The indictment charged that Daraio directed the clients of Eagle Security, Inc. to pay their unpaid balances to E.S.S. Co. around the same time IRS issued levies on ten clients of Eagle Security, Inc. Those levies required them to pay the IRS the balances that would otherwise be owing to Eagle Security. Id. The government introduced this evidence to prove Daraio’s willingness or intent based on her ‘general feelings or general attitude towards the IRS’. Id. The evidence included the following items:

(1) Payroll tax records for Joseph Daraio, Daraio’s husband, trading as ESS–Co. and Quest Investigators, pertaining to tax periods from 1989–1993 including the records themselves, as well as, for certain tax periods, certifications of a “lack of records” indicating the failure to file tax returns;

(2) Certifications by the IRS that Eagle Security did not file payroll tax returns in 1990–1993 and 1999–2004;

(3) Payroll tax records, again including certifications of lack of records, for ESS–Co., beginning in the third quarter of 1998 through the first quarter of 2004;

(4) Certifications of lack of records for ESS–Co. from 1992–1998 and 2000–2004;

(5) Corporate tax records for Eagle Security from 1990–2003,that showed that it had not filed forms with the IRS in 1999, 2001, and 2002;

(6) Corporate tax records for ESS–Co. from 1998–2003; and

(7) Joint personal income tax returns for Joseph Daraio and Daraio from 1984 and 1989–2003.

Id. at 256.

Before presenting this evidence at trial, the prosecutor filed and served a notice of its intent to introduce the evidence at trial.
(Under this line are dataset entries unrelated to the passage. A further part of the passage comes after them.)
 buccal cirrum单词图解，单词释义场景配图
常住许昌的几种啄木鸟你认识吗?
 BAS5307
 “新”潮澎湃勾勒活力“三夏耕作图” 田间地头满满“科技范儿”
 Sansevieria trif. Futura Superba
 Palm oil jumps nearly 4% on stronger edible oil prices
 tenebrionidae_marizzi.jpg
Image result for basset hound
At trial, the lower court gave the following limiting instructions to the jury:

Ladies and gentlemen of the jury, you will soon, and at various other times during the trial, hear evidence of acts the defendant—of acts of the defendant that may be similar to those charged in the indictment, but which were committed on other occasions.
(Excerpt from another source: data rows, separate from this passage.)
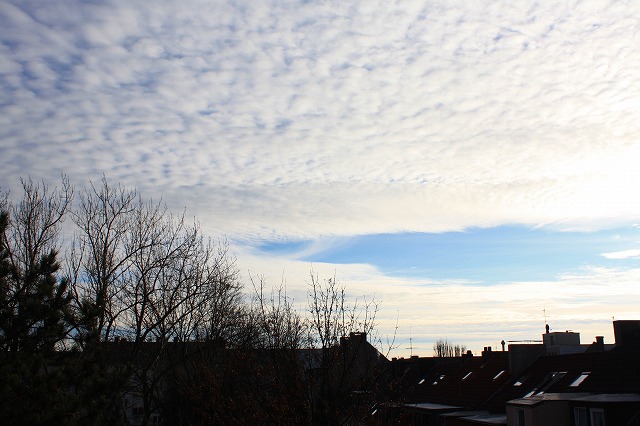c0153740_542204.jpg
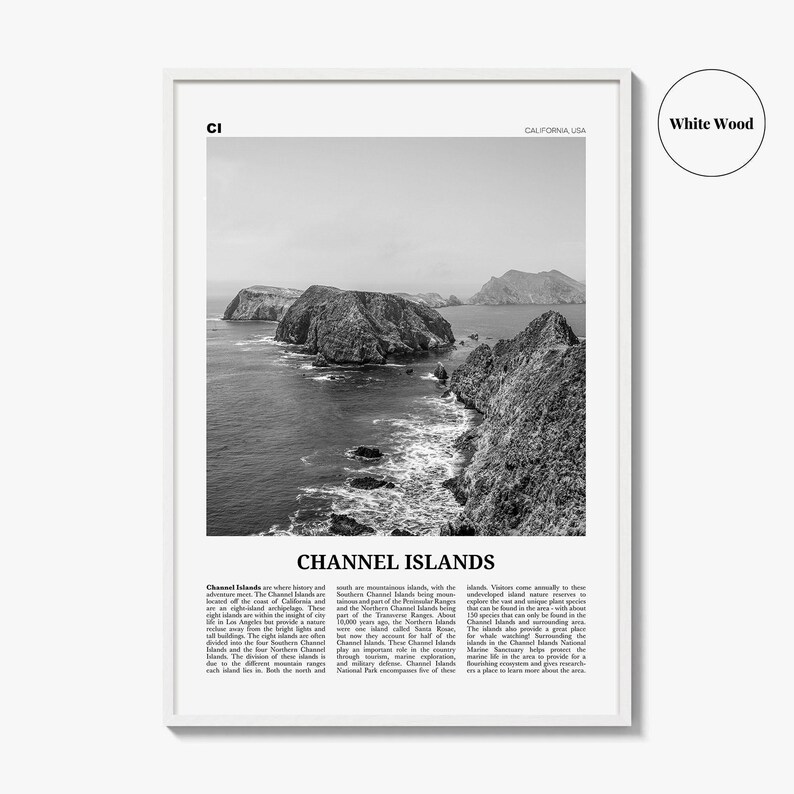 Póster impreso en blanco y negro de las Islas del Canal, arte mural de viajes por California, fotografía de parques nacionales imagen 8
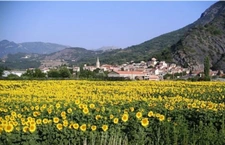 La saulce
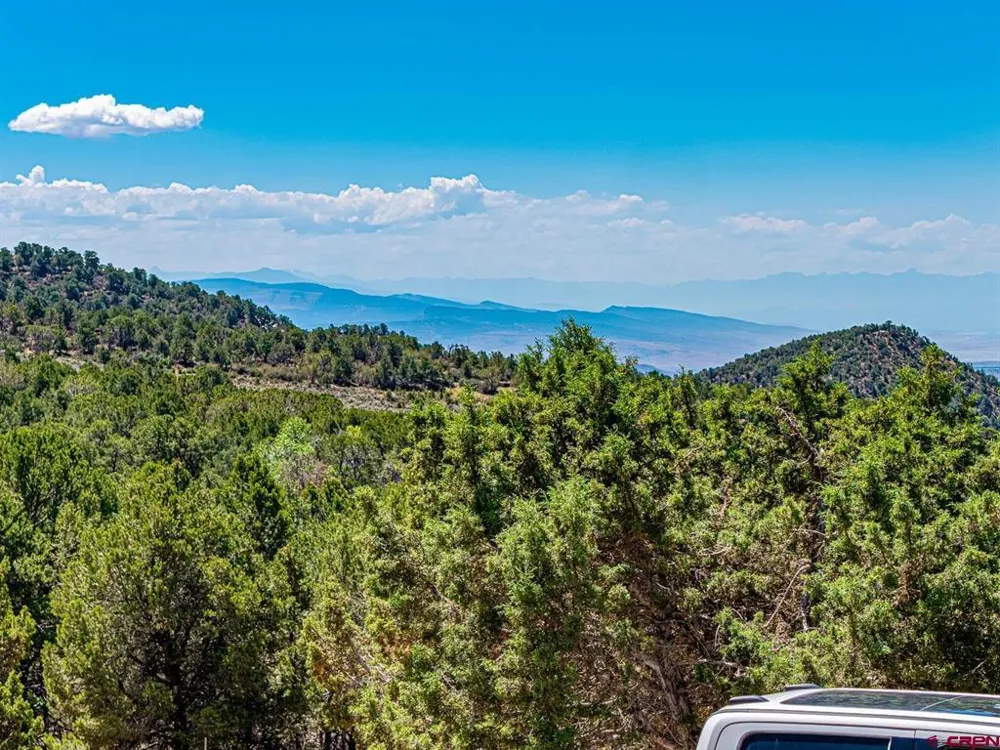 21582 Uintah Road Cedaredge, CO 81413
 You must not consider any of this evidence in deciding if the defendant committed the acts charged in this indictment. However, you may consider this evidence for other very limited purposes.

 If you find beyond a reasonable doubt from other evidence in this case, that the defendant did commit the acts charged in the indictment, then you may consider the evidence of similar acts allegedly committed on other occasions, to determine, one, whether the defendant had the intent necessary to commit the crime charged in the indictment; two, whether the defendant had the motive to commit the act charged in the indictment; or, three, whether the defendant willfully committed the acts for which she is on trial, or rather committed them by accident, negligence, or mistake.

Id. at 257.

After the jury returned a guilty verdict, Daraio appealed. The Court of Appeals rejected Daraio’s arguments and affirmed her conviction. In determining the admissibility of the evidence at issue, the Court applied the following four-part test:

(1) The evidence must have a proper purpose; Id. at 264.

(2) It must be relevant; Id.

(3) Its probative value must outweigh its potential for unfair prejudice; and Id.

(4) The court must charge the jury to consider the evidence only for the limited purposes for which it is admitted. Id.

The Court held that the evidence of Daraio’s “history of non-compliance with the IRS” was relevant to prove willfulness and the lower court’s limiting instructions were adequate to prevent any unfair prejudice. Id. at 265. The Court also relied on precedent which held that ‘a defendant’s past taxpaying record is admissible to prove willfulness circumstantially because such evidence is indicative of intent to evade the tax system.’ Id.

Thus, the Court allowed the admission of evidence of defendant’s prior taxpaying records to prove the defendant’s intent to evade taxes.